An exploration of all the strategy games on the Apple App Store, presenting some interesting findings and insights. (Please refer to Jupyter notebook for complete details, models and explanations)
The project is split in two sections : In parts 1 to 4, all features of the entire dataset are used to predict the 'Average User Rating' of the games. Data cleaning, pre-processing, exploratory data analysis, feature engineering, model selection and model validation were performed. We applied methods like logistic regression and random forest to perform the classification. Cross-validation was used for model selection. For the second section of the project some known and popular natural language processing methods were used to predict the same 'Average User Rating' using the description of the game. The methods applied include count vectorization, tf-idf vectorization and Doc2Vec embeddings. The models used include Naive Bayes, Support Vector Machine and Logistic Regression.

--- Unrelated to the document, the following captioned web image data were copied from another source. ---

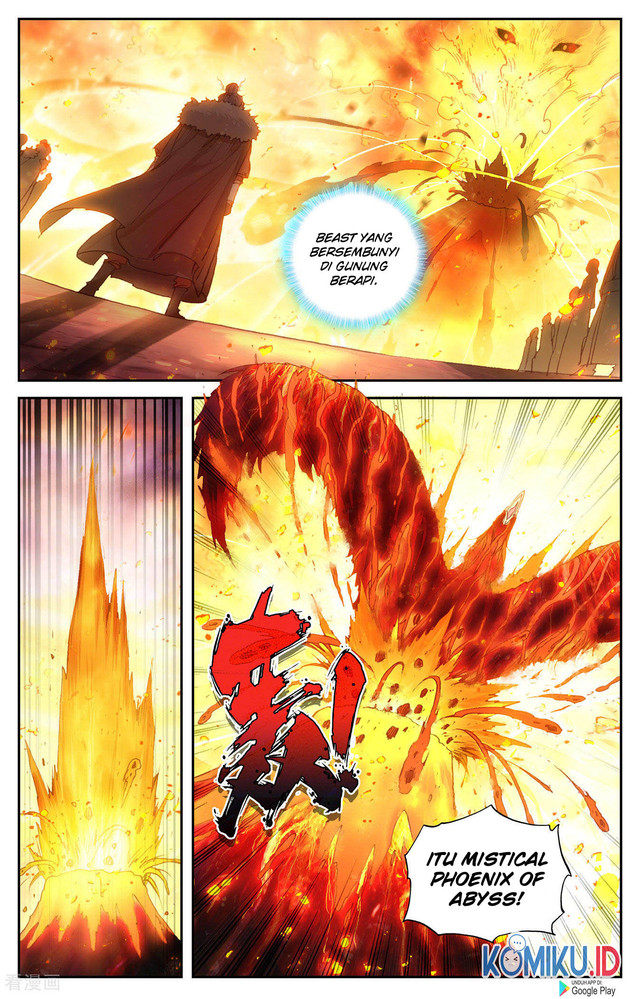 The Heaven’s List Chapter 89 Gambar 6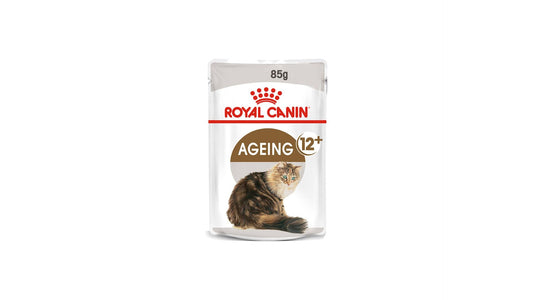 Royal Canin Pouch Ageing 12+ Gravy
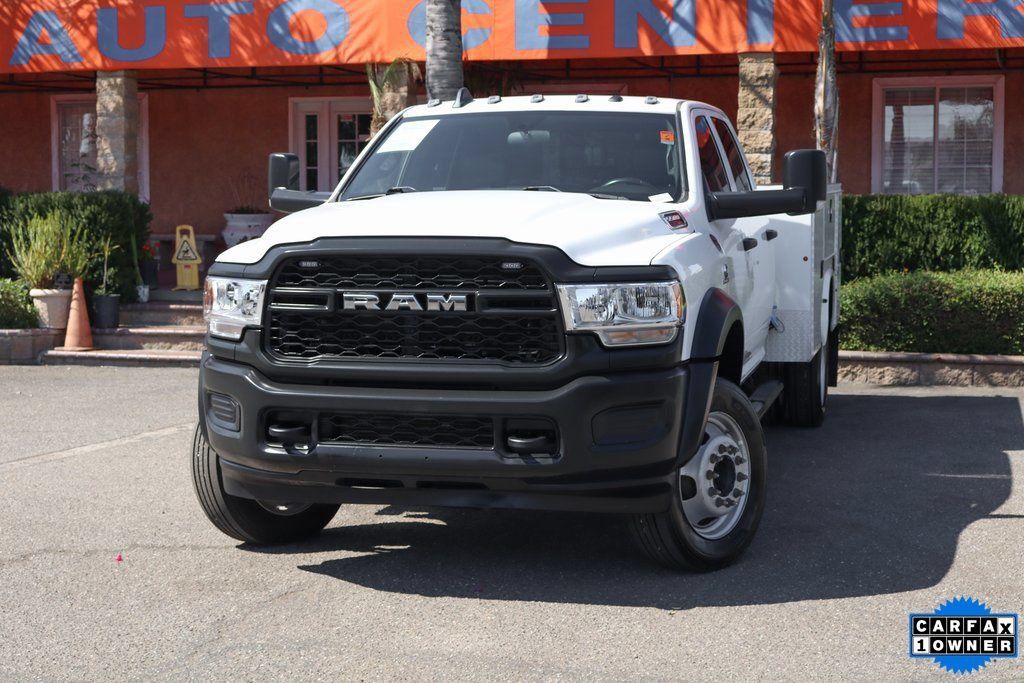 Used 2022 RAM 5500 Tradesman w/ Max Tow Package AWD/4WD image 4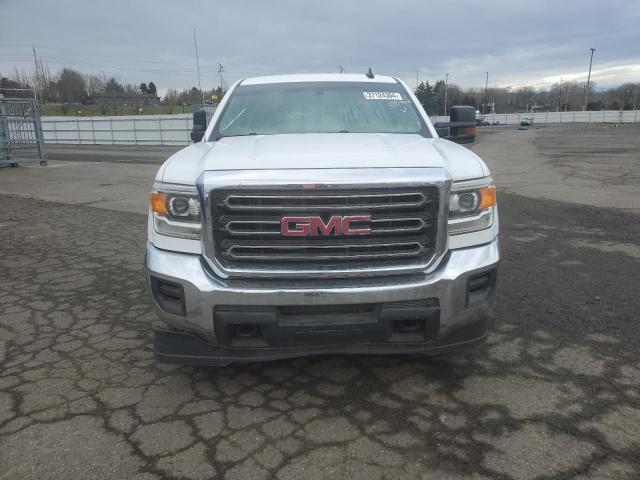 2GT21PEG3K1211964 - 2019 GMC SIERRA C2500 SLE WHITE photo 5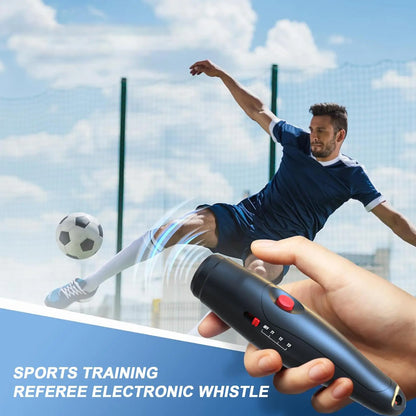 Electronic Sports & Coach Whistle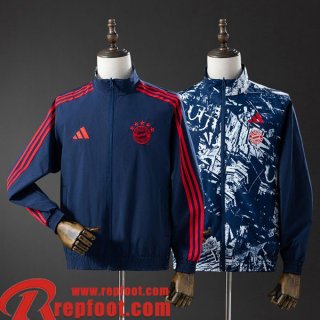 Bayern Munich Coupe Vent Homme 2025 2026 D451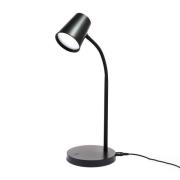 Lindby - Ailina LED Tafellamp Black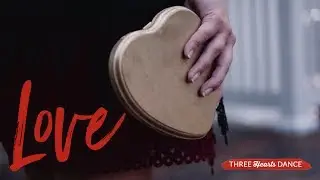 LOVE- Three Hearts Dance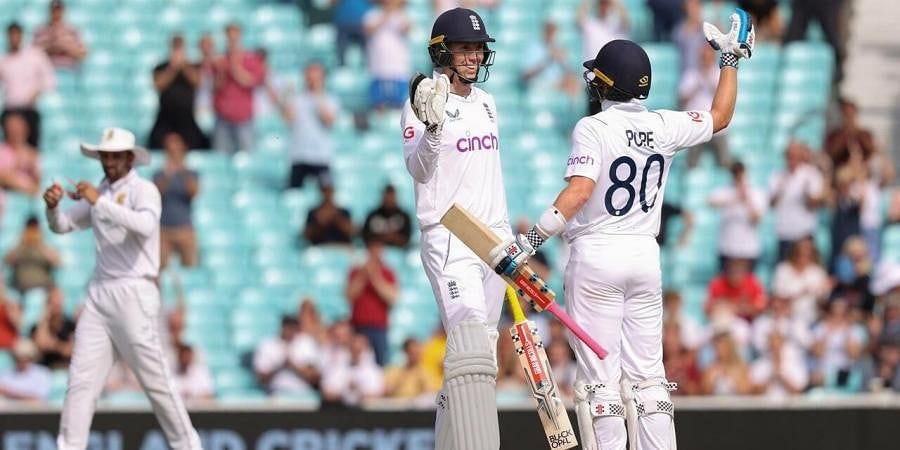 England seal memorable season with South Africa series win- The New Indian Express England seal memorable season with South Africa series win- The New Indian Express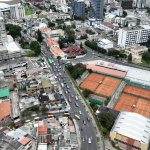 10 kilómetros rehabilitados en la parroquia de Itchimbía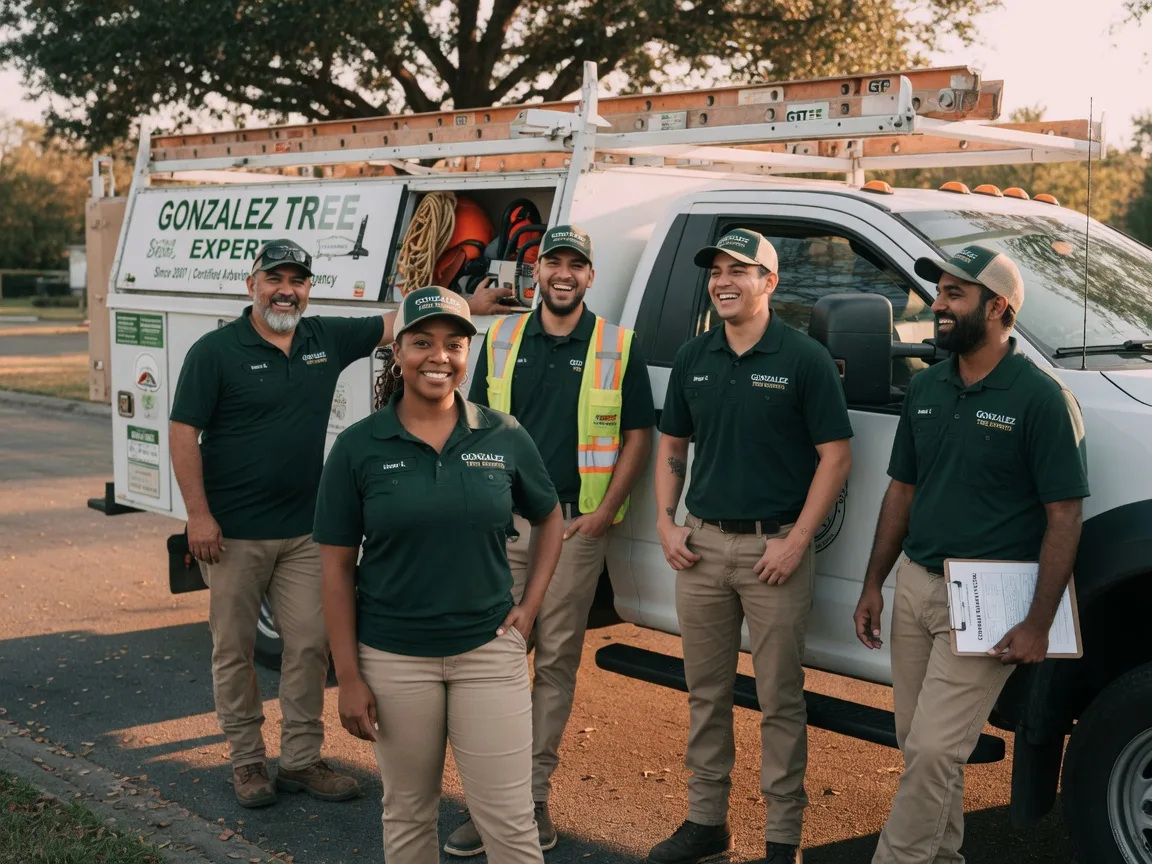 Tree Service company in Gregory, TX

We also employed k-means for the clustering, and PCA/t-SNE for dimensionality reduction.
Here are the highlights of some of the interesting findings based on our analysis.
- Games larger in size are likely to receive higher average user ratings.
- Games that are well-maintained and regularly updated are likely to be rated higher than those without regular updates.
- Age groups of 4+ are the most targeted audiences for game developers.
- A huge majority of strategy games are still below <250MB in size, which indicates that not all users like heavy games.
- In 2019, a very high number of strategy games got introduced in the App Store which indicates a higher demand for this sector.